§ EXERCISE BRIEF:
Given the records below, the lines starting at the line with "Anzeige von Margarete" and ending at the line with "Antro_Vectra is a" should be output exactly, both end lines kept and pictures left out.

§ INPUT RECORDS:

==*==

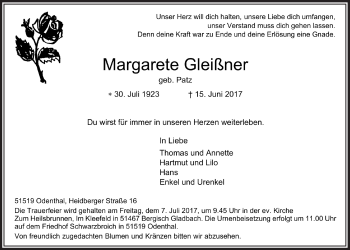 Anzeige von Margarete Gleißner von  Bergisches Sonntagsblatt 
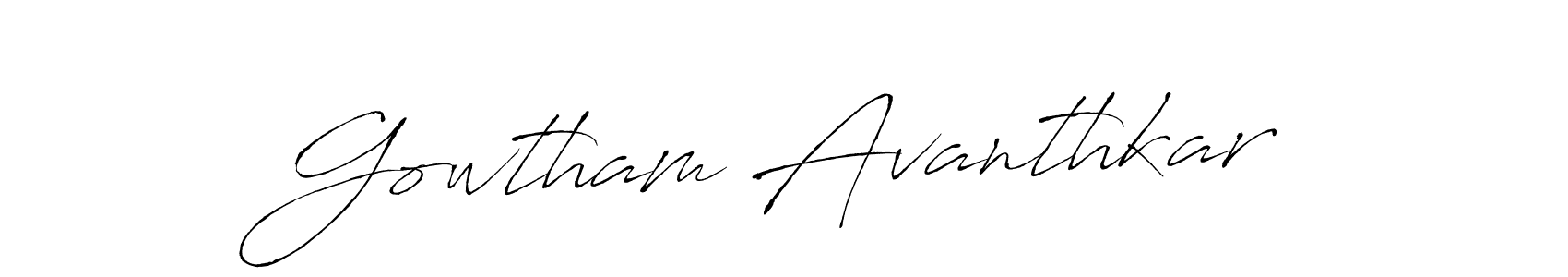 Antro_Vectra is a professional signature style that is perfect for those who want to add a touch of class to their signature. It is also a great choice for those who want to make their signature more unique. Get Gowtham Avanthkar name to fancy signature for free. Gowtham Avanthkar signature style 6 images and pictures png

==*==

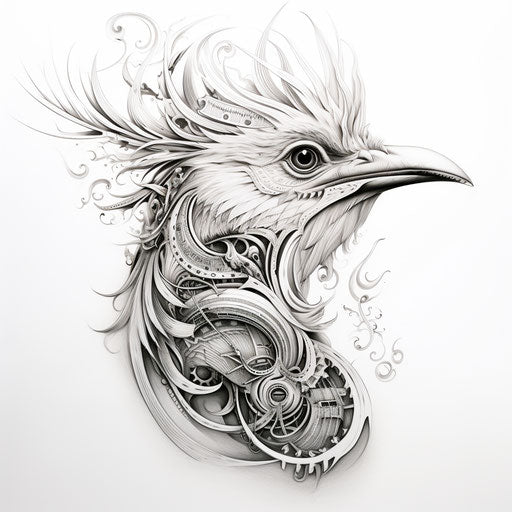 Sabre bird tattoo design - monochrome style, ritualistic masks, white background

==*==

§ RESULT OF THIS EXERCISE:
 Anzeige von Margarete Gleißner von  Bergisches Sonntagsblatt 
 Antro_Vectra is a professional signature style that is perfect for those who want to add a touch of class to their signature. It is also a great choice for those who want to make their signature more unique. Get Gowtham Avanthkar name to fancy signature for free. Gowtham Avanthkar signature style 6 images and pictures png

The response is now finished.